Supplied material:
Segment Open

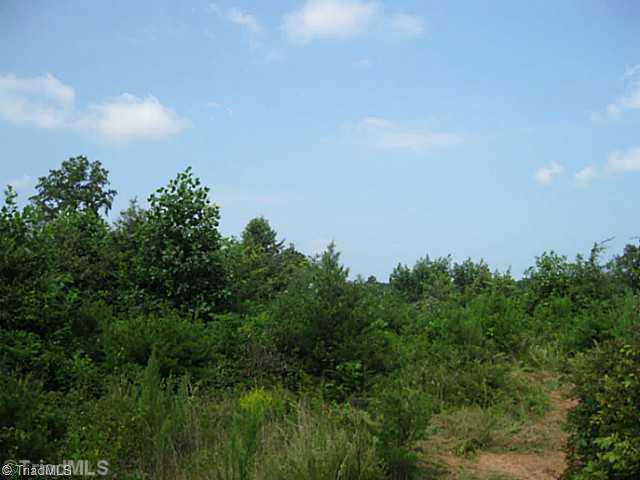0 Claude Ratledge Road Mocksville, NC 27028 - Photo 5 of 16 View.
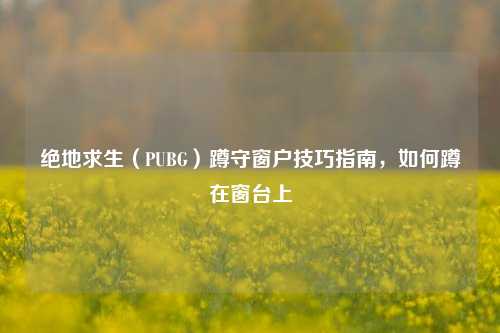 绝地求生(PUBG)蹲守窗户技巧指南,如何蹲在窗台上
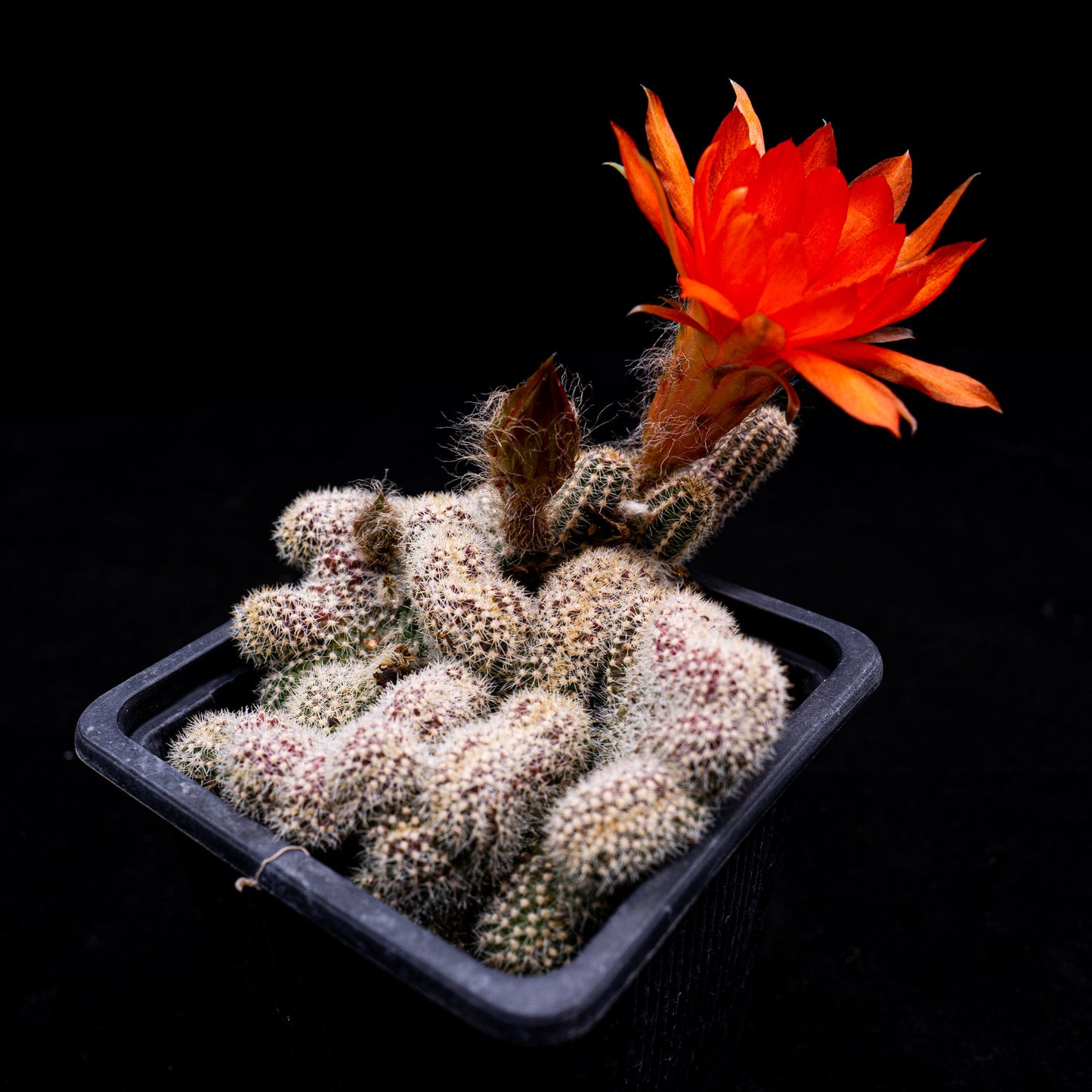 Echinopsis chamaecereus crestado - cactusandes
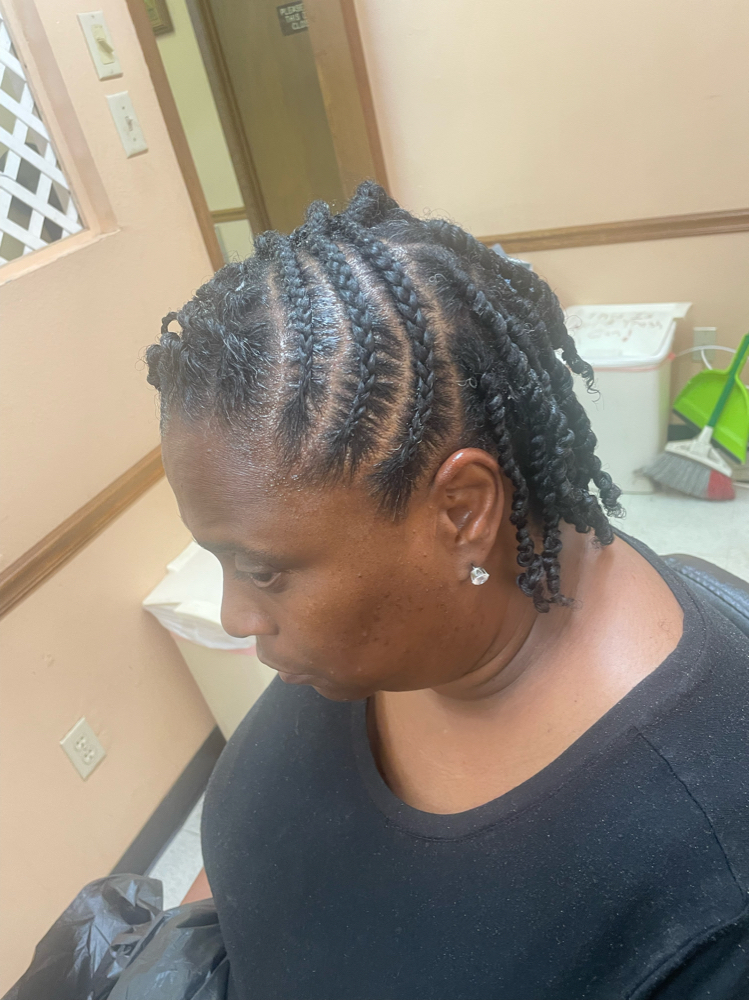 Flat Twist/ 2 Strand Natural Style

Segment Closed
Segment Open

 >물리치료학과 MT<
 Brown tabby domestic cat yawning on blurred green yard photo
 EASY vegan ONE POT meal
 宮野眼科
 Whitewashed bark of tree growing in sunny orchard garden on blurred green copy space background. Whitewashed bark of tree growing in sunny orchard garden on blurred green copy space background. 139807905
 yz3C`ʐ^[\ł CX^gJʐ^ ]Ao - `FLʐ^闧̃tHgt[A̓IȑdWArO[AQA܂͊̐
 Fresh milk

Segment Closed

Quote word for word only the lines above from the one containing "0 Claude Ratledge" through the one containing "Flat Twist/ 2 Strand Natural Style". Pictures stay out of your copy.

0 Claude Ratledge Road Mocksville, NC 27028 - Photo 5 of 16 View.
 绝地求生(PUBG)蹲守窗户技巧指南,如何蹲在窗台上
 Echinopsis chamaecereus crestado - cactusandes
 Flat Twist/ 2 Strand Natural Style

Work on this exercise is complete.